Exercise in exact copying: restate word for word only the lines below from the one containing "AR5192 Mona Sense" through the one containing "Lacrosse Mismatched Men's Socks", omitting any pictures.

#### Records supplied

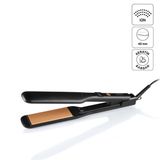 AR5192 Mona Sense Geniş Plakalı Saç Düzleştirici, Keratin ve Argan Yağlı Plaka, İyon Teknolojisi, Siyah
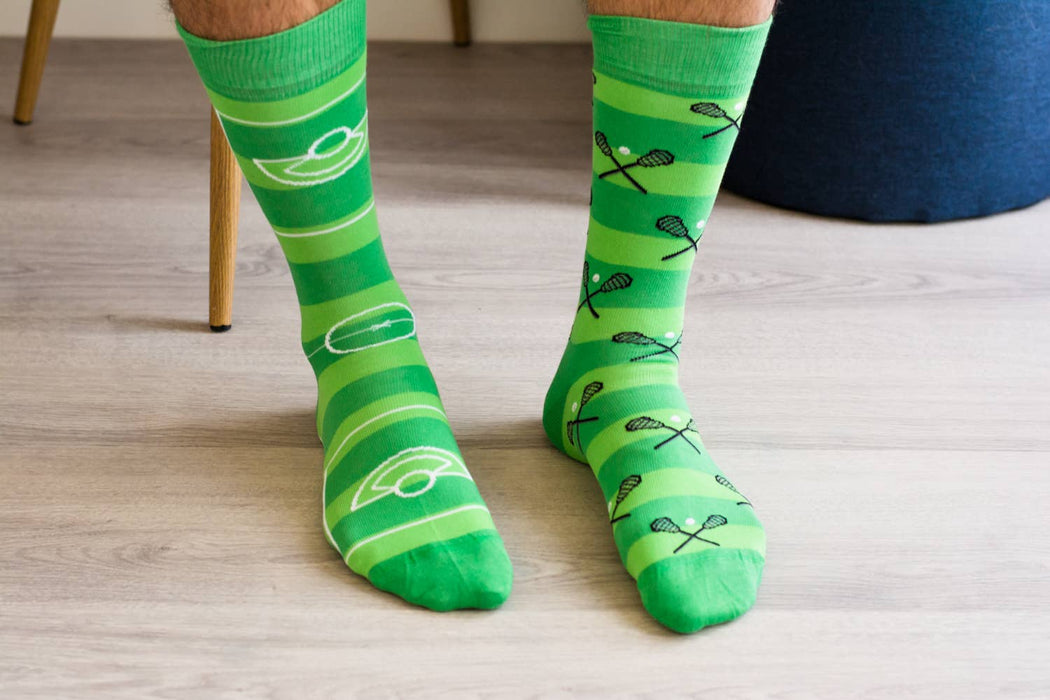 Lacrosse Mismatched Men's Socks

########
#### Records supplied

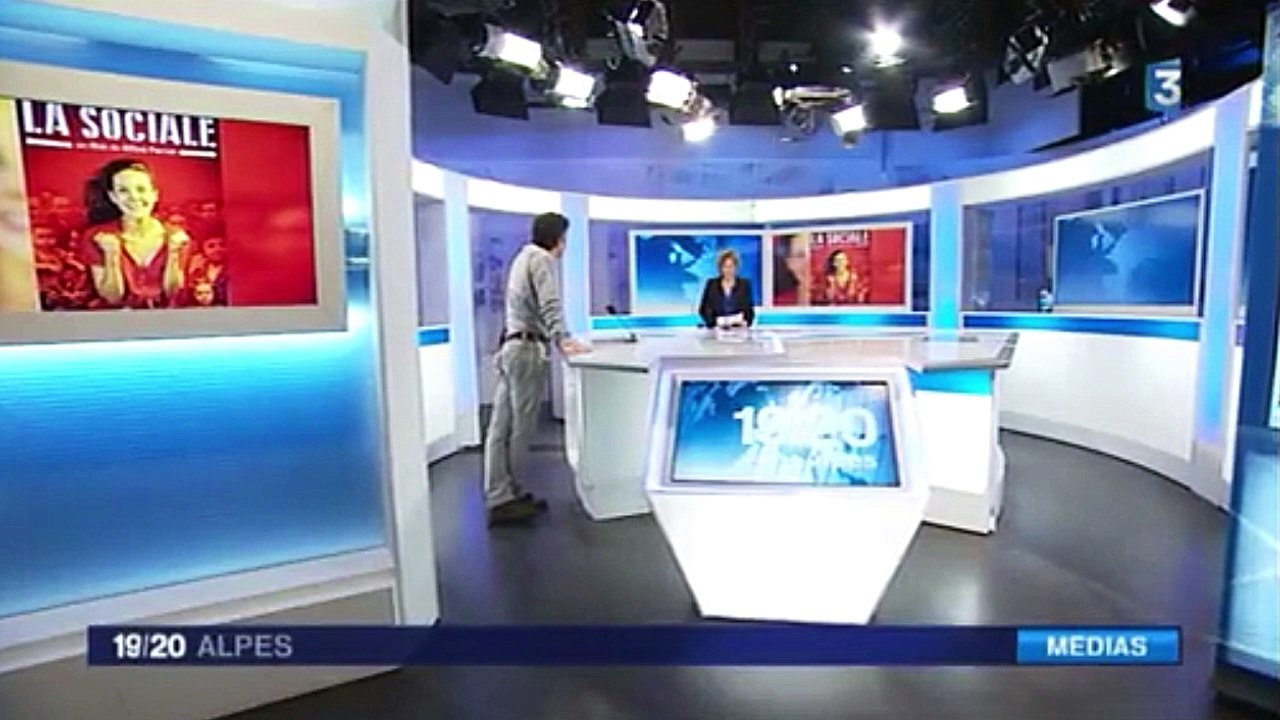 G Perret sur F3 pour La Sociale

########

**Exercise answer**
 AR5192 Mona Sense Geniş Plakalı Saç Düzleştirici, Keratin ve Argan Yağlı Plaka, İyon Teknolojisi, Siyah
 Lacrosse Mismatched Men's Socks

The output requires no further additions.